Un des pièges sur le chemin de l’enchanteur et de ses œuvres est celui du pouvoir de faire ce que bon lui semble, alors même qu’il ne peut être certain de ce qui est effectivement bon pour les autres. Chacun perçoit et envisage la vie selon sa propre perspective et a rarement la capacité d’enfiler réellement les bottes de ses frères et de ses sœurs. Merlin le prétendu enchanteur a-t-il vraiment contribué à améliorer la condition humaine et terrestre ? Ou bien n’a-t-il pas seulement cherché à imposer sa propre vision des choses, de ce qu’il croyait bien et juste pour son roi comme pour le peuple de ce dernier, produisant davantage de conflits qu’il ne pouvait en résoudre, davantage de morts que de guérisons ?… Avant lui, il exista un bien plus grand magicien, pressenti par trois rois mages, celui qui sut non seulement transformer l’eau en vin, multiplier les poissons, marcher sur l’eau, guérir les aveugles et les lépreux, ressusciter des morts, mais aussi se sacrifier pour l’avenir du monde et incarner ainsi jusqu’au plus profond de sa chair son message d’amour inconditionnel pour les autres et pour l’Humanité. Il a finalement laissé sa marque sur un simple drap, un suaire qui porte encore la trace de ses dernières souffrances et de sa résurrection.

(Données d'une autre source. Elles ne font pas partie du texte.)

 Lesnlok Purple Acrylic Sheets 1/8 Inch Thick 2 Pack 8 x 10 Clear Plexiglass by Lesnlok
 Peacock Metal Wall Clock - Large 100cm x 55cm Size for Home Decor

Si par la suite, le monde connut des guerres en son nom, ce ne fut nullement de son propre fait, mais à cause d’individus qui ont cherché à imposer leur interprétation de la vie de ce grand mage, de celui que certains ont élevé au rang de Dieu. Lui, de son vivant, a généralement prôné le pardon, la non-violence, la miséricorde, la charité et bien d’autres vertus, se posant lui-même par sa vie en exemple de telles pratiques. Du moins est-ce ainsi, semble-t-il, que le veut la légende.

La clef d’un enchantement futur et réussi du monde pourrait se révéler être le respect du libre arbitre et des perceptions de chacun, sans qu’aucun enchanteur n’impose de suivre son exemple ou son chemin. En astrologie, il est assez coutumier d’affirmer que les astres proposent et les êtres humains disposent. Un enchanteur devrait probablement s’en inspirer et se contenter de proposer une vision, ou simplement d’éclairer les divers chemins possibles par sa propre lumière. Libre alors aux individus et aux divers groupes de choisir quoi en faire, quoi suivre, quoi imiter, quoi dépasser !…

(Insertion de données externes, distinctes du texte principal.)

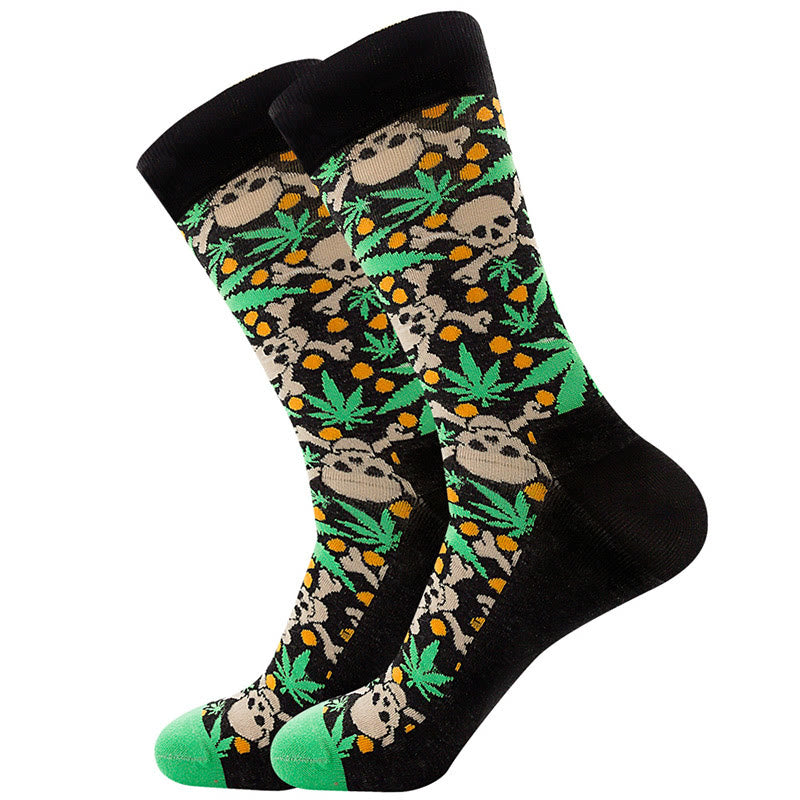 Plus Size Dollar Skull Crew Socks(4 Pairs)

Un monde ne peut paraître à tous pleinement enchanteur si certains d’entre eux au moins n’y trouvent pas leur place. La trouver implique non seulement le lieu, mais aussi le rôle et bien sûr la liberté de choisir l’un et l’autre. Ceci nécessite l’absence de contraintes, et donc de règles, de lois, de règlements…, surtout gravés dans la pierre (fût-elle de marbre) ou inscrits sur le papier. Cependant, une telle absence universelle de limites pourrait facilement conduire au chaos, les diverses libertés individuelles s’entrechoquant plus ou moins violemment, jusqu’à éventuellement en faire un plasma brûlant ou un gaz explosif. Pour l’éviter, il convient alors de trouver un moyen de combiner liberté de choix (et notamment celui d’agir dans telle direction plutôt que telle autre) et nécessité de tenir compte des autres êtres et de la manière dont nos choix vont les impacter et potentiellement les faire réagir.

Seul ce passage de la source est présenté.